Каждый день он мог показать баланс и банковскую книжку, в которой сумма точно совпадала с итогами его книги.
Бухгалтерии он не знал, счетоводство было упрощенное, придуманное еще Крамским, и в нем разбирался всякий, однако и оно привело однажды кассира в тупик.
Правление выдало некоторую сумму московским товарищам на расходы. Те тратили и представили отчетность Лемоху. Он проверил расход -- все было в порядке, но выходило так, что по главной книге не хватало пятидесяти рублей.

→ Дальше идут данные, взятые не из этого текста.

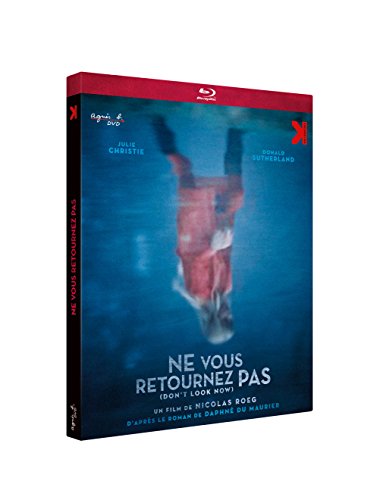 Ne Vous Retournez Pas - Blu-Ray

Лемох пришел в ужас, но как ни бился, а пятидесяти рублей нет как нет. Пришлось пригласить бухгалтера, заплатить ему еще пятьдесят рублей, и тот доказал, что действительно все верно и недостачи нет, а недоразумение произошло потому, что питерцы считали по простой бухгалтерии, а москвичи по двойной итальянской, чем потом гордился москвич Архипов, добавляя: "Но больше никогда не возьмусь за счетоводство".
Летом Лемох жил под Москвой недалеко от села Ховрино на собственной дачке, стоявшей в тени среди маленькой рощицы. Тут же отдельно, в небольшом срубе, похожем на крестьянскую избу, -- его мастерская.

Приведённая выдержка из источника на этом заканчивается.